BEGIN Data extracts

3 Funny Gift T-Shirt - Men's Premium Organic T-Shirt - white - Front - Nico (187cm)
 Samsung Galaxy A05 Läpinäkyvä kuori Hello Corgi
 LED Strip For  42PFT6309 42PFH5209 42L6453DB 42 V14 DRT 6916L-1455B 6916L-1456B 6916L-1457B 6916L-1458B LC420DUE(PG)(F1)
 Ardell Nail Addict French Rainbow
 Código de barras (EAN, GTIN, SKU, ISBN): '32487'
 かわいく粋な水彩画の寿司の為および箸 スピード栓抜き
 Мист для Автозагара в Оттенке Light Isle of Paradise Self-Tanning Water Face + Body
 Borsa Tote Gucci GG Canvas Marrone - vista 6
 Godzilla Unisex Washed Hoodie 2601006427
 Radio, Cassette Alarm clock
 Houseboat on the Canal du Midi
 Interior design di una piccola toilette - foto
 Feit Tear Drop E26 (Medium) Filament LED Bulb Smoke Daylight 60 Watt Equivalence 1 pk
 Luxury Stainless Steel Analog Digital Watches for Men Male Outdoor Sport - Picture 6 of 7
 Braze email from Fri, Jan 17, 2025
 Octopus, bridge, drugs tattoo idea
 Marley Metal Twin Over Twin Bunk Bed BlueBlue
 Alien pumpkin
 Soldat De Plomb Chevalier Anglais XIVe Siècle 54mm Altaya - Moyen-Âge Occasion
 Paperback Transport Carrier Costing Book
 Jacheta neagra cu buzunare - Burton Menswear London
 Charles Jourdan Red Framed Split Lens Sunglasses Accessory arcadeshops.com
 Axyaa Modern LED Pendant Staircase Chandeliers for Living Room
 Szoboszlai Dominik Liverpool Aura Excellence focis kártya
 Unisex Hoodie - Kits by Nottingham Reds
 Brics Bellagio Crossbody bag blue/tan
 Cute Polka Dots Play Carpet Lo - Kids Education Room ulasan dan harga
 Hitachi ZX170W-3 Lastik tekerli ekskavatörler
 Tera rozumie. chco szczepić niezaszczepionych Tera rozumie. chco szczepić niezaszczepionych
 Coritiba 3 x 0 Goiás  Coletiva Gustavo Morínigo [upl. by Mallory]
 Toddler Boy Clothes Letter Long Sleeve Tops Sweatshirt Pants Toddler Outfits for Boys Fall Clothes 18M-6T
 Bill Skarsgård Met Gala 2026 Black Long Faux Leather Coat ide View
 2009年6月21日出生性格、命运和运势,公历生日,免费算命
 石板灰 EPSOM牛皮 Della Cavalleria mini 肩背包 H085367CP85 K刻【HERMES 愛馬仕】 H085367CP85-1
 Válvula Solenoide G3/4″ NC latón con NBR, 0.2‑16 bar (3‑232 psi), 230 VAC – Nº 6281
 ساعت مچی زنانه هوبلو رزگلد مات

END Data extracts

* **Task to carry out**: Retype all of the data word for word.

* **Solution for this task**:
3 Funny Gift T-Shirt - Men's Premium Organic T-Shirt - white - Front - Nico (187cm)
 Samsung Galaxy A05 Läpinäkyvä kuori Hello Corgi
 LED Strip For  42PFT6309 42PFH5209 42L6453DB 42 V14 DRT 6916L-1455B 6916L-1456B 6916L-1457B 6916L-1458B LC420DUE(PG)(F1)
 Ardell Nail Addict French Rainbow
 Código de barras (EAN, GTIN, SKU, ISBN): '32487'
 かわいく粋な水彩画の寿司の為および箸 スピード栓抜き
 Мист для Автозагара в Оттенке Light Isle of Paradise Self-Tanning Water Face + Body
 Borsa Tote Gucci GG Canvas Marrone - vista 6
 Godzilla Unisex Washed Hoodie 2601006427
 Radio, Cassette Alarm clock
 Houseboat on the Canal du Midi
 Interior design di una piccola toilette - foto
 Feit Tear Drop E26 (Medium) Filament LED Bulb Smoke Daylight 60 Watt Equivalence 1 pk
 Luxury Stainless Steel Analog Digital Watches for Men Male Outdoor Sport - Picture 6 of 7
 Braze email from Fri, Jan 17, 2025
 Octopus, bridge, drugs tattoo idea
 Marley Metal Twin Over Twin Bunk Bed BlueBlue
 Alien pumpkin
 Soldat De Plomb Chevalier Anglais XIVe Siècle 54mm Altaya - Moyen-Âge Occasion
 Paperback Transport Carrier Costing Book
 Jacheta neagra cu buzunare - Burton Menswear London
 Charles Jourdan Red Framed Split Lens Sunglasses Accessory arcadeshops.com
 Axyaa Modern LED Pendant Staircase Chandeliers for Living Room
 Szoboszlai Dominik Liverpool Aura Excellence focis kártya
 Unisex Hoodie - Kits by Nottingham Reds
 Brics Bellagio Crossbody bag blue/tan
 Cute Polka Dots Play Carpet Lo - Kids Education Room ulasan dan harga
 Hitachi ZX170W-3 Lastik tekerli ekskavatörler
 Tera rozumie. chco szczepić niezaszczepionych Tera rozumie. chco szczepić niezaszczepionych
 Coritiba 3 x 0 Goiás  Coletiva Gustavo Morínigo [upl. by Mallory]
 Toddler Boy Clothes Letter Long Sleeve Tops Sweatshirt Pants Toddler Outfits for Boys Fall Clothes 18M-6T
 Bill Skarsgård Met Gala 2026 Black Long Faux Leather Coat ide View
 2009年6月21日出生性格、命运和运势,公历生日,免费算命
 石板灰 EPSOM牛皮 Della Cavalleria mini 肩背包 H085367CP85 K刻【HERMES 愛馬仕】 H085367CP85-1
 Válvula Solenoide G3/4″ NC latón con NBR, 0.2‑16 bar (3‑232 psi), 230 VAC – Nº 6281
 ساعت مچی زنانه هوبلو رزگلد مات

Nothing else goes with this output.